**Task data**
####
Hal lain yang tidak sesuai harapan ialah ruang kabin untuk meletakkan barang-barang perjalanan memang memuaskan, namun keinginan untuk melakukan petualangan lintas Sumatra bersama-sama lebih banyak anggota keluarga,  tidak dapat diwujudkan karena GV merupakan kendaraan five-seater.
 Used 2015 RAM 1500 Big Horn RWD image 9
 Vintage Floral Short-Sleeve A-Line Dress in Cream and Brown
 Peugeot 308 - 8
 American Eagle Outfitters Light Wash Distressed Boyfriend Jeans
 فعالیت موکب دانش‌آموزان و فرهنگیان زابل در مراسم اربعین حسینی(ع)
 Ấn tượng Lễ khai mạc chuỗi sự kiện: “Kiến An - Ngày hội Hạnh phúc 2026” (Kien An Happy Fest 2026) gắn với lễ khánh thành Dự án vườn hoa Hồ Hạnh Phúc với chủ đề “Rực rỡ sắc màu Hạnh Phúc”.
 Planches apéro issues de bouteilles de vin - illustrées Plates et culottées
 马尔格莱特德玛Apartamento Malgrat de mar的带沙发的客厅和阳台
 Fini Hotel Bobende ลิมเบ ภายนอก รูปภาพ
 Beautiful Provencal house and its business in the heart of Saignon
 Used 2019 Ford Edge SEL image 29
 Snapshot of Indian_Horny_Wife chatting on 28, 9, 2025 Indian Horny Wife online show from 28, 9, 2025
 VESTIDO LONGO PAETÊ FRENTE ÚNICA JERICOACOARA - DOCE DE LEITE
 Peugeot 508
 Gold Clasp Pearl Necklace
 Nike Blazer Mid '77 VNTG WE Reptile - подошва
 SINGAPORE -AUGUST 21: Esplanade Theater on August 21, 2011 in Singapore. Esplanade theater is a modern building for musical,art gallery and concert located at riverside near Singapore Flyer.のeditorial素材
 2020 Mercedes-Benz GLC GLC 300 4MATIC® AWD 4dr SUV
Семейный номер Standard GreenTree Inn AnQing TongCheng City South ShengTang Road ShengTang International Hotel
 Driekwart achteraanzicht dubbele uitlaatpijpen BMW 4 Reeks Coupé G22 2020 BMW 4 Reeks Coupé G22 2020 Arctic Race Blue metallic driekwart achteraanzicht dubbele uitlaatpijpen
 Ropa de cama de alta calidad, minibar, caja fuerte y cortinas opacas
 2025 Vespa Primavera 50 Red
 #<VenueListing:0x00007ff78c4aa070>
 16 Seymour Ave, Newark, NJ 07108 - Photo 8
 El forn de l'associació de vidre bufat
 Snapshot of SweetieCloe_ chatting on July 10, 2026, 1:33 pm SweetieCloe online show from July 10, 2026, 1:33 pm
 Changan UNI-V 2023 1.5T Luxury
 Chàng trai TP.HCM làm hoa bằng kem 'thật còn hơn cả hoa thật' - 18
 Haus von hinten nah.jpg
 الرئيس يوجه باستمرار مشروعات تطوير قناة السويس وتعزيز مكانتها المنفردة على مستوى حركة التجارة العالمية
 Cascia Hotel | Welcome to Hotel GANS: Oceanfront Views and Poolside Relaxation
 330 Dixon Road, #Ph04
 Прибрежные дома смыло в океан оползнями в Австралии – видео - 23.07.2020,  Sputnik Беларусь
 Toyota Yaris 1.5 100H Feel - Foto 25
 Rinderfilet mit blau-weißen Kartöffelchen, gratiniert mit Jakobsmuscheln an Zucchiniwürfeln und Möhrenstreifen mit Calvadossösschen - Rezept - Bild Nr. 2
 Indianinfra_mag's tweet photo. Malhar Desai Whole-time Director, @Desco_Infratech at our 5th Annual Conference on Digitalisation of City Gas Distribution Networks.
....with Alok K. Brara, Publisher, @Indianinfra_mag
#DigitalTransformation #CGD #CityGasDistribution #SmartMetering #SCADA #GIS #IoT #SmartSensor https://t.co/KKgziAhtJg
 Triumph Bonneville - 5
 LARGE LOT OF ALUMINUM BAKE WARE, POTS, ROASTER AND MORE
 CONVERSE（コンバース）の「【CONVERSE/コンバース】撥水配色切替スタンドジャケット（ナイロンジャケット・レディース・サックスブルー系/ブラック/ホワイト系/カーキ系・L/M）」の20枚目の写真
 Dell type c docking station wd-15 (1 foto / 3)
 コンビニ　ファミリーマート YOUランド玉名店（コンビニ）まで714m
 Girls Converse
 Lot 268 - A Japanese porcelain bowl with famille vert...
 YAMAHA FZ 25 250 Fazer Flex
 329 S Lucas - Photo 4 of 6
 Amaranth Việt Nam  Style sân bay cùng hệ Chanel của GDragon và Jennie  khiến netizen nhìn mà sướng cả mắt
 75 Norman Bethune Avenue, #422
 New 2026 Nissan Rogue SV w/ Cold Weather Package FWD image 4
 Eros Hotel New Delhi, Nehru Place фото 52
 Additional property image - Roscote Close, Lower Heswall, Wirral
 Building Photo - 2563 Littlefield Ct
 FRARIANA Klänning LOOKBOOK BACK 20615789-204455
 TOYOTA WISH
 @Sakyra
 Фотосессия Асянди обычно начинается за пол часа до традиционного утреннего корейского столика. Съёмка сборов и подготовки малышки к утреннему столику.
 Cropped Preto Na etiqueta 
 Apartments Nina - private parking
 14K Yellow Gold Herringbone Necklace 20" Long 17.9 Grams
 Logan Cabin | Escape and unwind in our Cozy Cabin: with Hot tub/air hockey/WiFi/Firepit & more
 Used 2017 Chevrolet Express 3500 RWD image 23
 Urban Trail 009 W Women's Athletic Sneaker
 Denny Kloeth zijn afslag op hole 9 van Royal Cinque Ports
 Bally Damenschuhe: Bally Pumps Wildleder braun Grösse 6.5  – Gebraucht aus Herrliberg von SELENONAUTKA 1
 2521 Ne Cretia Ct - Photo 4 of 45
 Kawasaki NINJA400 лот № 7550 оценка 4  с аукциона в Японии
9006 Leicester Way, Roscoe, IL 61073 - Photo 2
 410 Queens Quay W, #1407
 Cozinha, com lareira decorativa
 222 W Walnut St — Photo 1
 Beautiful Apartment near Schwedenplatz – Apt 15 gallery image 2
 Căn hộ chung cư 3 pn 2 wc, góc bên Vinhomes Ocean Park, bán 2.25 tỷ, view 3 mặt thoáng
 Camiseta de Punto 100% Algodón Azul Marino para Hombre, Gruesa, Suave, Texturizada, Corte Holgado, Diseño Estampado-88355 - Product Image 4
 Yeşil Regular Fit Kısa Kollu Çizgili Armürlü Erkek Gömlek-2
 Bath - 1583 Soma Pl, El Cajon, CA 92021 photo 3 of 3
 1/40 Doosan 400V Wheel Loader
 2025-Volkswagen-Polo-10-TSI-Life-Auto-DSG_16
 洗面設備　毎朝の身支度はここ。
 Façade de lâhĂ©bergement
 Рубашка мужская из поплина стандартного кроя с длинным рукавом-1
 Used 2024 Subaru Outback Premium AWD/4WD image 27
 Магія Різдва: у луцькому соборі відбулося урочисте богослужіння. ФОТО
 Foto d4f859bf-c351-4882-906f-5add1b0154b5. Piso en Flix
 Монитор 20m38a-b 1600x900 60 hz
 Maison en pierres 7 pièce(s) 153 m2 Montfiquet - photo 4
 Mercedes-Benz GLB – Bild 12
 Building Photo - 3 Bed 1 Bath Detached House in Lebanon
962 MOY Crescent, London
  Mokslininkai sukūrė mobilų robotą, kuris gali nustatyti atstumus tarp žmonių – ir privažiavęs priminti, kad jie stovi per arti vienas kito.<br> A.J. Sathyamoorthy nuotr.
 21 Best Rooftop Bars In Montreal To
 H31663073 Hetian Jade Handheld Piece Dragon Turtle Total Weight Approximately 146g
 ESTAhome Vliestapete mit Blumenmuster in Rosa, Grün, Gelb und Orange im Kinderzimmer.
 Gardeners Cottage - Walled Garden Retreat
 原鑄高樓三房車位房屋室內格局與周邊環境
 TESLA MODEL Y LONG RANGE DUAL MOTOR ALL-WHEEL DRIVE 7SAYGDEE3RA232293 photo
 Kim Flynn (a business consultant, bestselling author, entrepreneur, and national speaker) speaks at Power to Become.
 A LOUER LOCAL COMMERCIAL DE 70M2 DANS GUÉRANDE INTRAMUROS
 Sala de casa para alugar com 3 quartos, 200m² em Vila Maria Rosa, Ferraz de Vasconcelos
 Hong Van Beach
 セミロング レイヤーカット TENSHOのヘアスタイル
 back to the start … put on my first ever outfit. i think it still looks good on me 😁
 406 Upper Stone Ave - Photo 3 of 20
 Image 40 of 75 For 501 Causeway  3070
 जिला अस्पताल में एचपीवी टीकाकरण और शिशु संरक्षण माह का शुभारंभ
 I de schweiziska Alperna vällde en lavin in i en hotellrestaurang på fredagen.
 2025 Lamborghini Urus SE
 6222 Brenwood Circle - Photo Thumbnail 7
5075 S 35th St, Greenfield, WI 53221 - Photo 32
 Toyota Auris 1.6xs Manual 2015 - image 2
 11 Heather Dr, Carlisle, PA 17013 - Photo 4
####
**Work task**
Check each line in the records for the word "Used" and say how many have it, with nothing else.

**Response to this exercise**
4